Historically, the tank would be a huge turning point for British armor engineers. Future designs such as the Comet and Centurion drew heavy inspiration from the vehicle and its experience fighting in WWII. Some historians even go as far as to consider Cromwells the oldest ancestor of the main battle tank ideology.

The Tamiya Kit

Now, as you’re probably aware, Tamiya released this product way back in 1997. That may sound like ancient times for some of us, but surprisingly enough, the kit still holds its flag up even in the 2020s. Granted, it lacks some detail and has some drawbacks, but it builds like a dream into a pretty accurate replica of the real machine. True testament to the skill of Tamiya engineers. The low number of parts fit together perfectly, with no surprises. If you’re looking for an out-of-the-box build, you can probably knock it down in the span of a weekend.

On the other hand, if you are willing to invest in some aftermarket products to pump up the final look, I’ve put together a prioritized list. Coincidentally, these are the extra bits I added to my build as well. Take a look:

  1. Metallic tow cables – the kit comes with some thread that can be used, but that’s just lame for a 2020 build. Considering you can get realistic tow cables for less than 2 EUR, this is a no-brainer.
  2. Metal tracks – the slight Cromwell track sag, as well as the increased visual impact make this a top contender for your extra buck. Replacing the default rubber tracks will set you back about 30 EUR so that might be a bit much.
  3. Photoetch grills – granted, you can’t buy just the grills, you need to get a photoetch set with other parts as well, but the in-box solution with a plastic mesh is out-of-scale, needs careful cutting and just looks bad. A basic photoetch set from Eduard costs about 7 EUR, not that much for the value it brings.
  4. Metal gun barrel – the two-part barrel included in the kit is fine. The shape allows easy sanding, so that shouldn’t be that much of a hindrance. On the other hand, if you’re lazy like me, a metal replacement isn’t that expensive and allows you to focus on other fun things, rather than an hour of careful sanding. This will set you back about 10 EUR.
  5. Photoetch fenders – the default fenders of the kit are made of pretty solid plastic, so if you want to bend them in a realistic way, you’re going to have to buy some aftermarket parts. Adds another 10 EUR to your list.

My Build

You know me, historical context is paramount to my enjoyment of a project. This time around, I wanted to draw significant inspiration from a single historical photo. It was taken on September 21st, 1944 and it shows a Cromwell tank of 2nd Welsh Guards crossing the bridge at Nijmegen in Holland during Operation ‘Market Garden’.

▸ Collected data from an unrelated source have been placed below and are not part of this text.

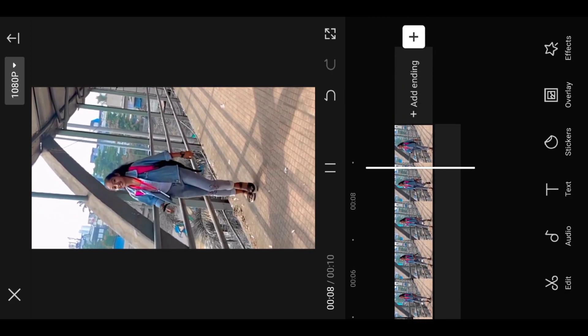Now I'm going to edit the video. I'm going to adjust the effect on the preview. First, I'm going to start by clicking the effect option, then click the video effect option.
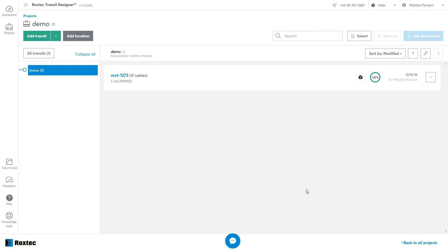Now there's a lot of tutorials and video guides on how to use the system in the Knowledge Base. So don't miss out on that.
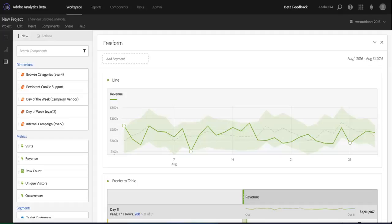Hi, this is Trevor Paulson from the Adobe Analytics product team. Analysis Workspace for Adobe Analytics has quickly become my favorite tool for doing analysis, and I'm excited to show you a powerful machine learning tool that we've brought into Analysis Workspace called Contribution Analysis.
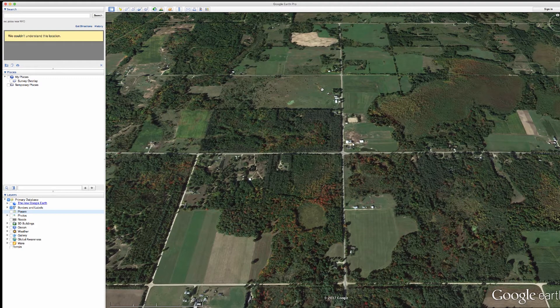I'm going to show you how to do a quick overlay of an image, specifically a survey. In a previous video, I showed you what a survey looked like. I won't go into details about how to get your survey into an image that you can overlay into Google Earth.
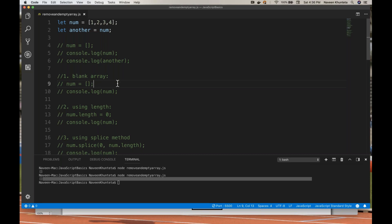So this is about removing array elements and making an empty array from an existing array. In the next video I'll tell you about combining arrays and slicing arrays — a very small concept. Please practice with this: removing specific elements and emptying arrays. Thank you so much guys, thanks for watching this video.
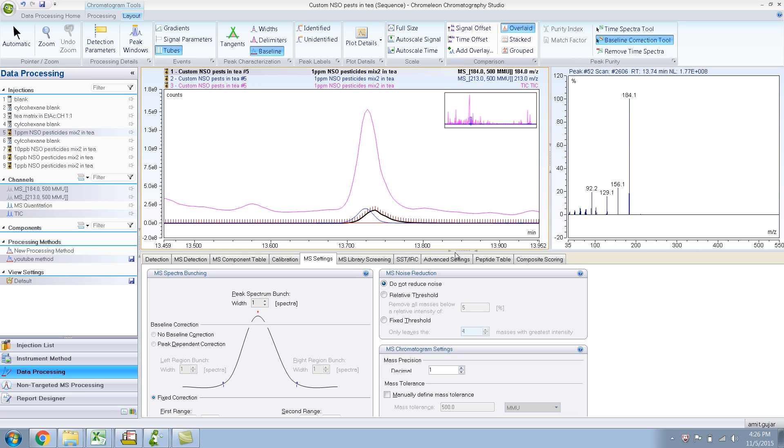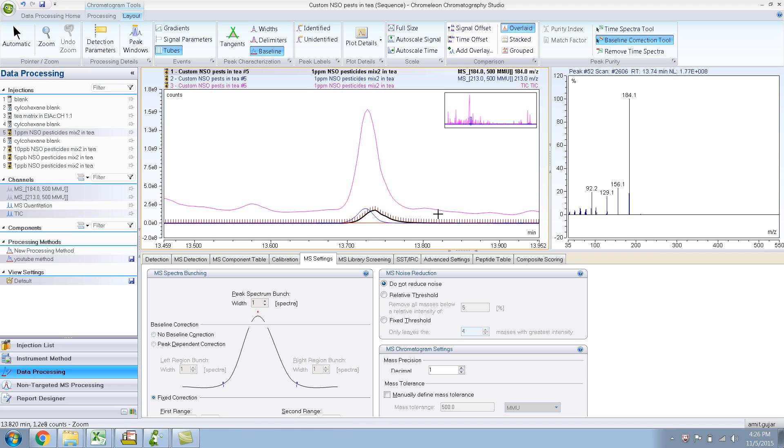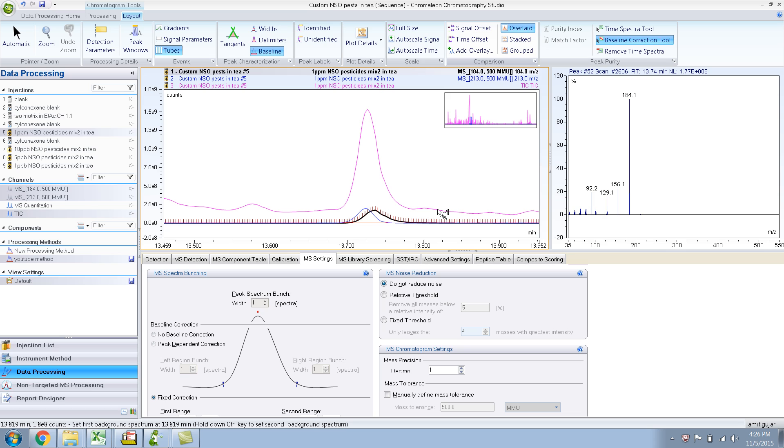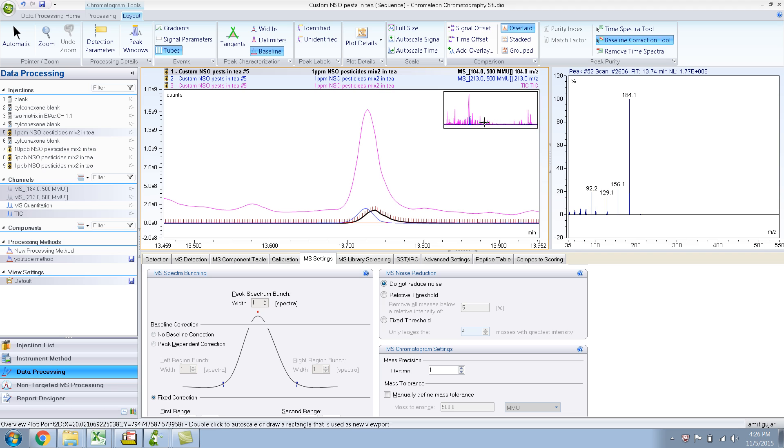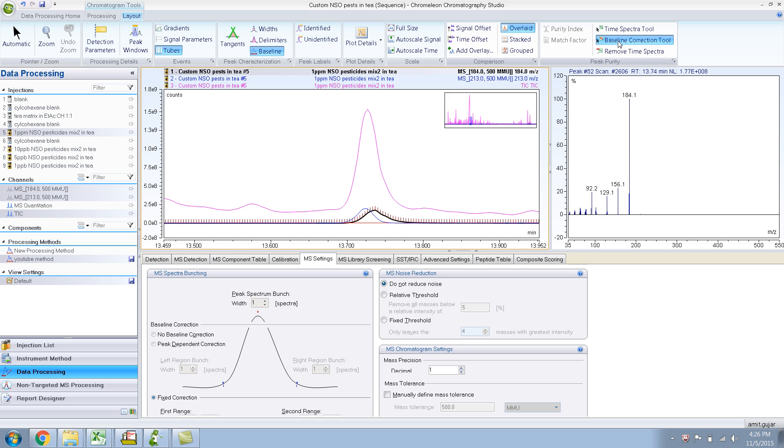In the last video I showed you how to use the Time Spectra tool and the Baseline Correction tool, and how to basically manually deconvolute your peak. Right now the Baseline Correction tool has been selected, and if I try to unclick it, it does not want to unclick. I think this is some sort of a bug.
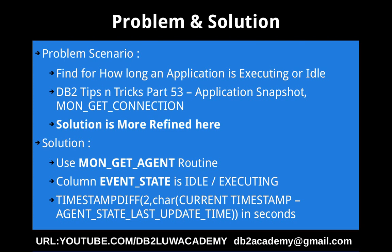Whenever it is getting into an executing state the timestamp will get updated and whenever it is moving out of executing state to idle, again the timestamp will be updated. You can just use the formula CURRENT TIMESTAMP minus AGENT_STATE_LAST_UPDATE_TIME to find out how long that particular application or agent is in a particular state.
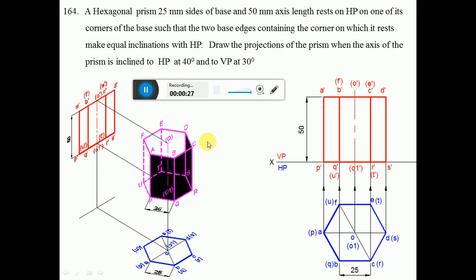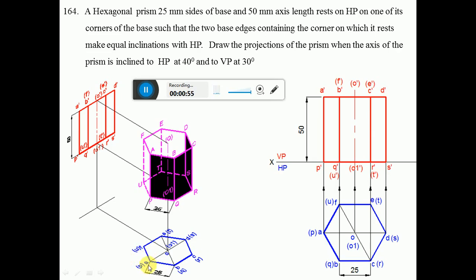Since the prism is resting on HP, we have to place the hexagon on HP — that is, PQRSTU has to be on HP. Since it rests on one of its corners such that the two base edges containing the corner make equal inclinations, you can see it is resting on corner P, and two base edges PQ and PU make equal inclinations with respect to this vertical line. So we have to place the prism in this corner position in the initial position.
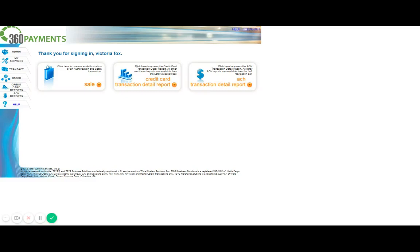Hello and welcome to the 360 payments training video on Transaction Express. Today we'll be going over a couple of basic functions within the Transaction Express gateway. As you can see here, I'm already signed in to the virtual terminal, so we're ready to begin.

Now, of course, there are some differences between the picture and final result, my intention was not to make it identical, but historically relevant and plausible. I borrowed things such as the bent fenders and their missing parts, the missing smoke discharger, the two crewmen sticking their heads out. Other details I put together from the plethora of historical imagery I managed to find out there.

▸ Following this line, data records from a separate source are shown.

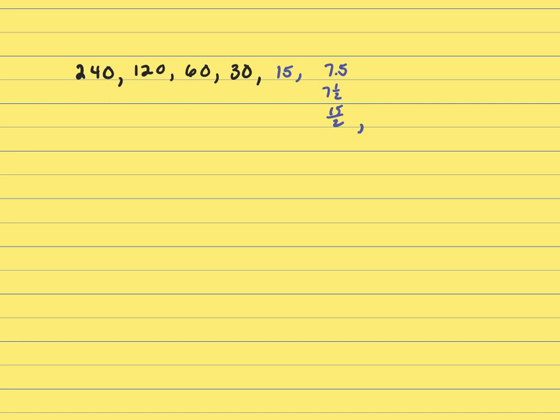I'm doing that because it's hard for me to take half of a decimal. You just take 240 times ½, and that gives you the next one. And then 120 times ½ gives you the next one. So, if you multiply by half, you get the answer.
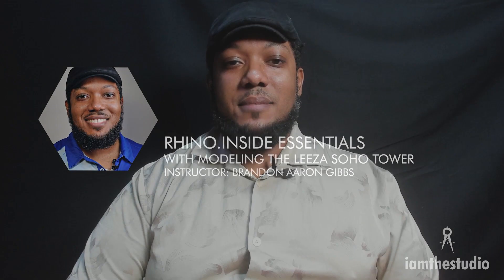Hi, I'm Brandon Aaron Gibbs, Director of MojiForm. I'll be your instructor in this Rhino Essentials course, where you will learn the interoperability workflows with RhinoInside, helping you bridge the CAD, BIM, and parametric engines of Revit and Rhino.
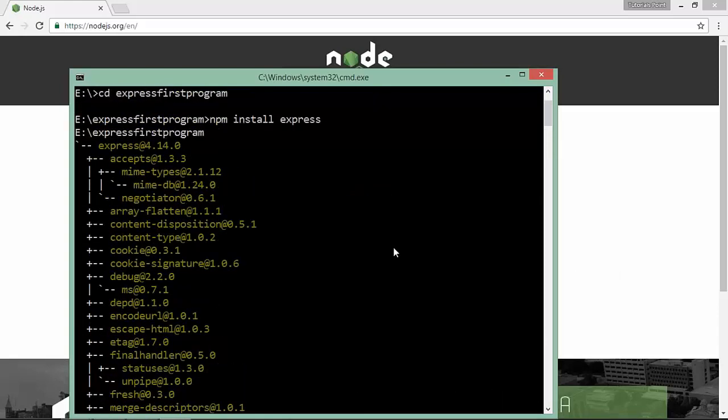your node applications. Now we'll start working with this specific Express framework.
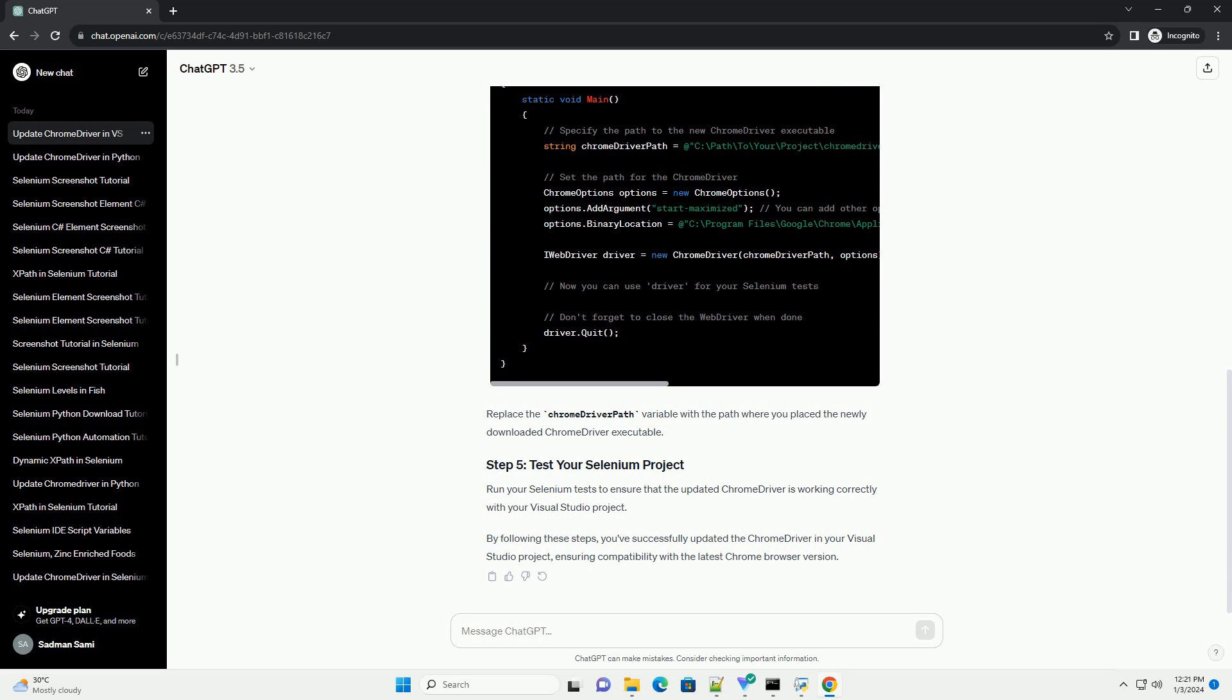Open your Visual Studio project. Locate the folder where the current Chrome driver is stored. It is often placed in the root directory of your project or a specific folder like drivers or bin. Replace the existing Chrome driver executable with the newly downloaded one.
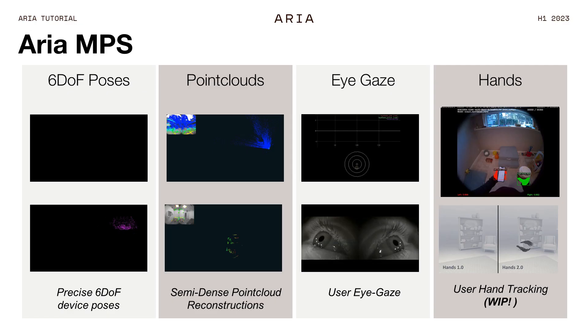Last but not least, a quick teaser about hand tracking. This one is a work in progress — we don't have it quite yet, but we're working on it because hands are yet another really important signal about what the user is doing in the scene. We really want to make it easy for people to build on top of a solid, stable hand tracking algorithm for whatever they want to do with Project ARIA. With that, I'm going to hand over to Carl to talk about the software ecosystem.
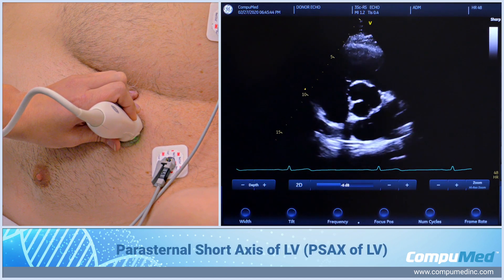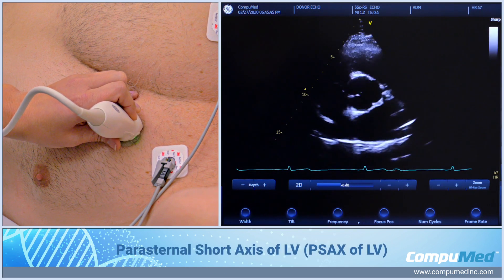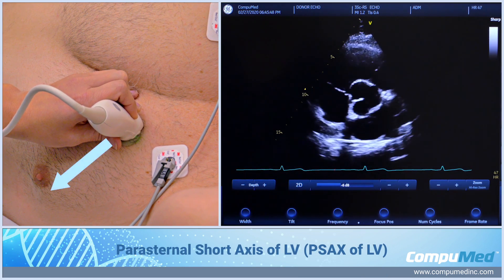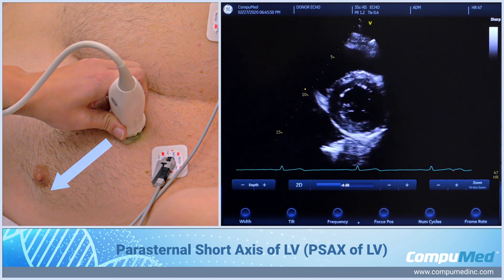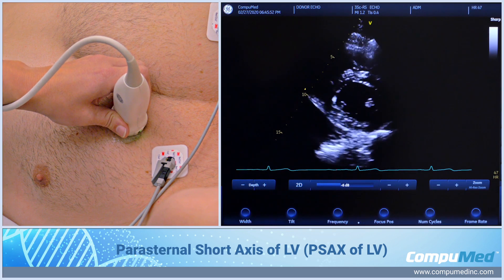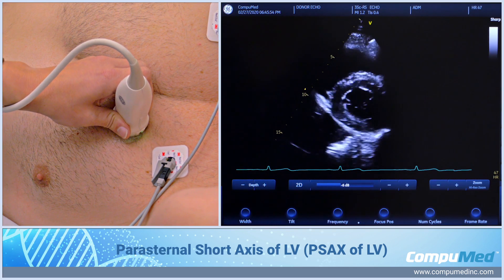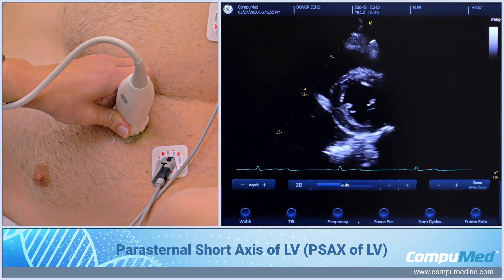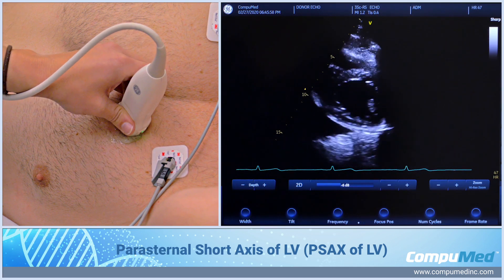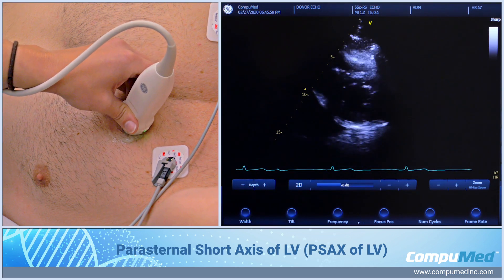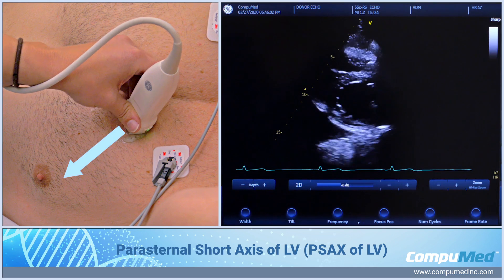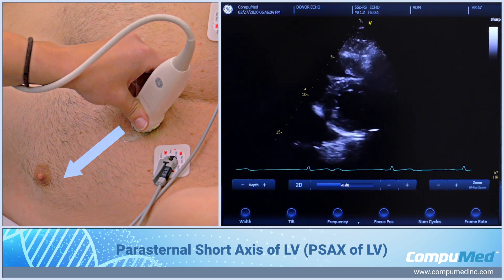From here, to get the short axis of the left ventricle, I'm going to angle the transducer inferior, keeping the location of the transducer in the same place. I'm going to continue to go down so that I get base, papillary muscle, mid, and then apex.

The final kit was primed with Mr. Metal Primer R and AMMO One Shot Primer. Then it was painted with a 50/50 mix of AMMO paints – SCC 15 (British 1944-45 Olive Drab) and Khaki Green Nº3 (British 1939-42). Weathering was a mix of oil paints (gray, brown, green, black, dust), light two-tone chipping and enamel earth effects for the lower hull. The tracks were darkened with a bath of burnishing fluid, followed by some light acrylic washes. I didn’t want to go too crazy with weathering, given the urban settings of the photograph.